▸ Data for this task:
-=-=-
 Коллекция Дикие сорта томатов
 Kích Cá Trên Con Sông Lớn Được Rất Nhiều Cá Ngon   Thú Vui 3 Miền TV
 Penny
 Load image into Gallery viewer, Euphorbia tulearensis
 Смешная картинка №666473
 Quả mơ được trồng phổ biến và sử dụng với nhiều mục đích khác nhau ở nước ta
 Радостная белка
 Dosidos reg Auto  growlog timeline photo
-=-=-
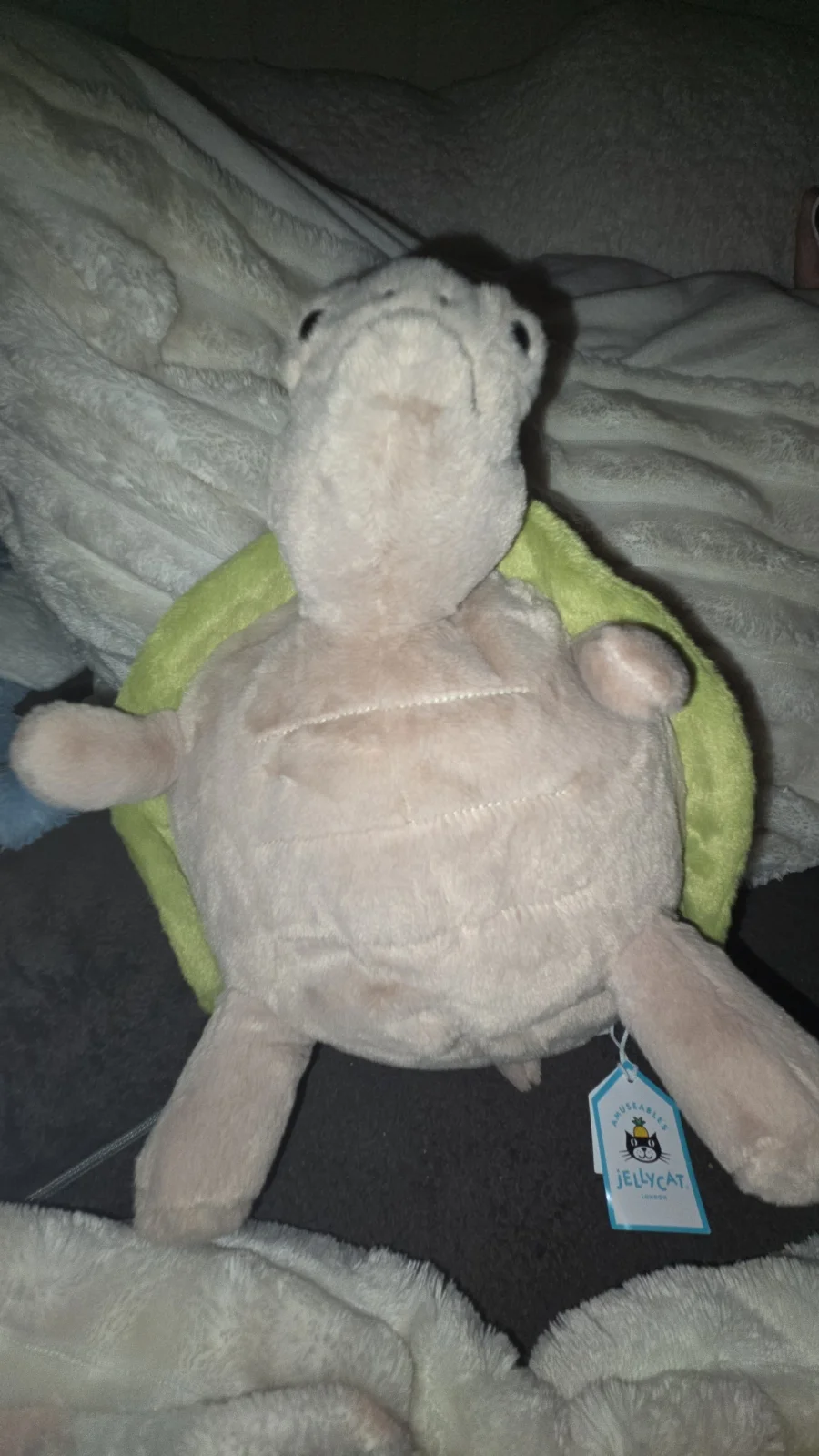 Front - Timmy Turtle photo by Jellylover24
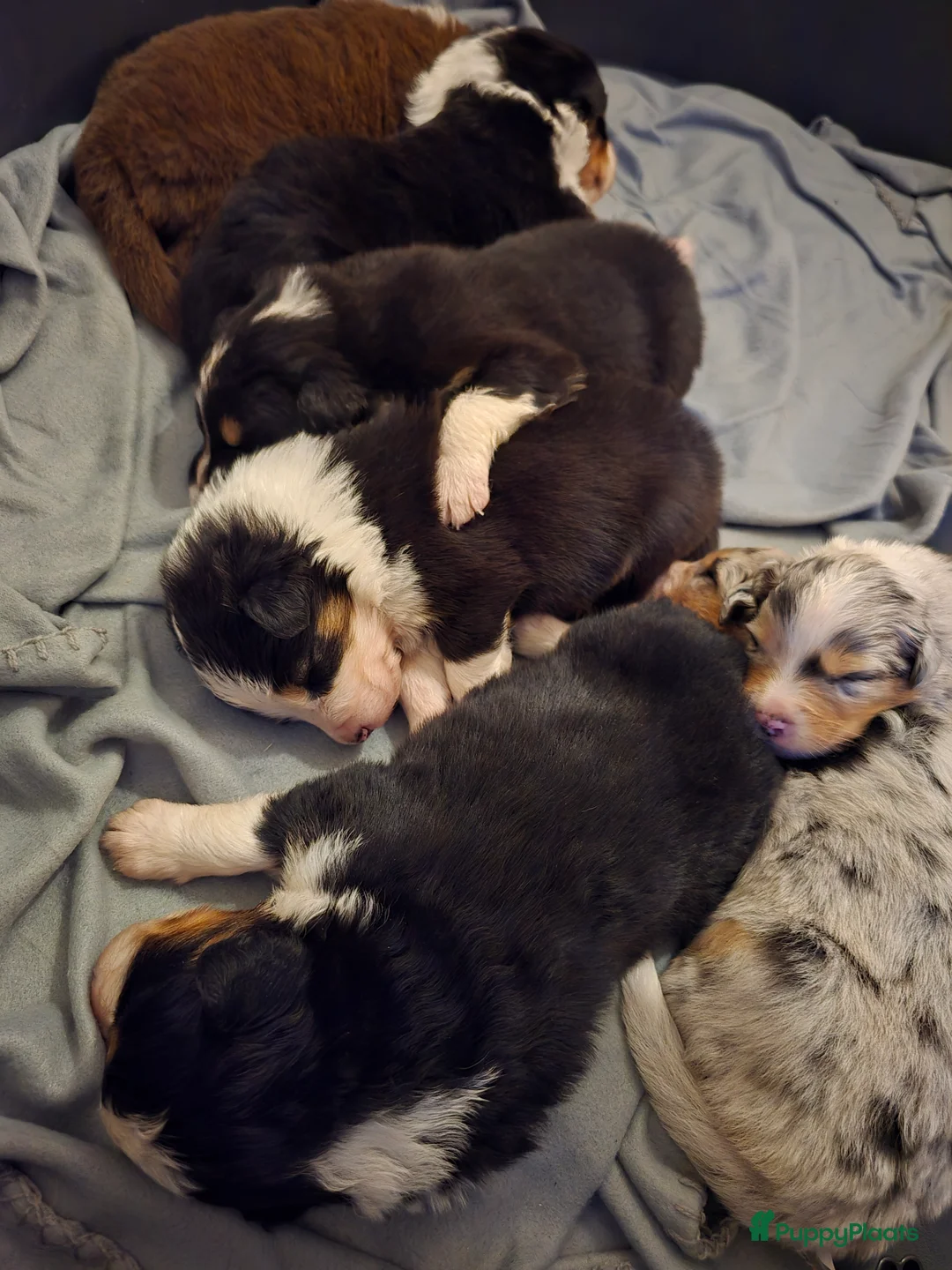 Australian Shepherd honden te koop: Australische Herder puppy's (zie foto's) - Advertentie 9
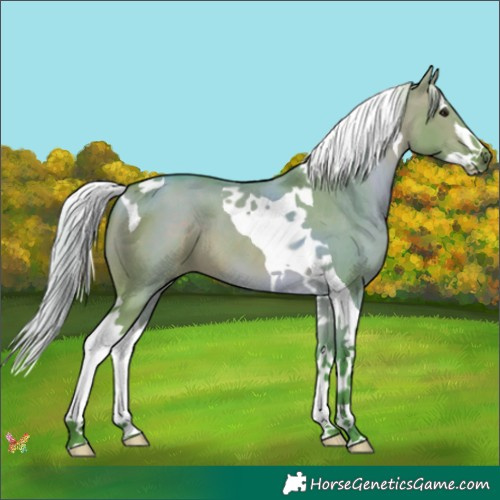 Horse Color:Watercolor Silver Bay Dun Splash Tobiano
-=-=-
Please copy, exactly as written, every line in the listing above from the line with "Коллекция Дикие сорта томатов" up to and including the line with "Радостная белка".

 Коллекция Дикие сорта томатов
 Kích Cá Trên Con Sông Lớn Được Rất Nhiều Cá Ngon   Thú Vui 3 Miền TV
 Penny
 Load image into Gallery viewer, Euphorbia tulearensis
 Смешная картинка №666473
 Quả mơ được trồng phổ biến và sử dụng với nhiều mục đích khác nhau ở nước ta
 Радостная белка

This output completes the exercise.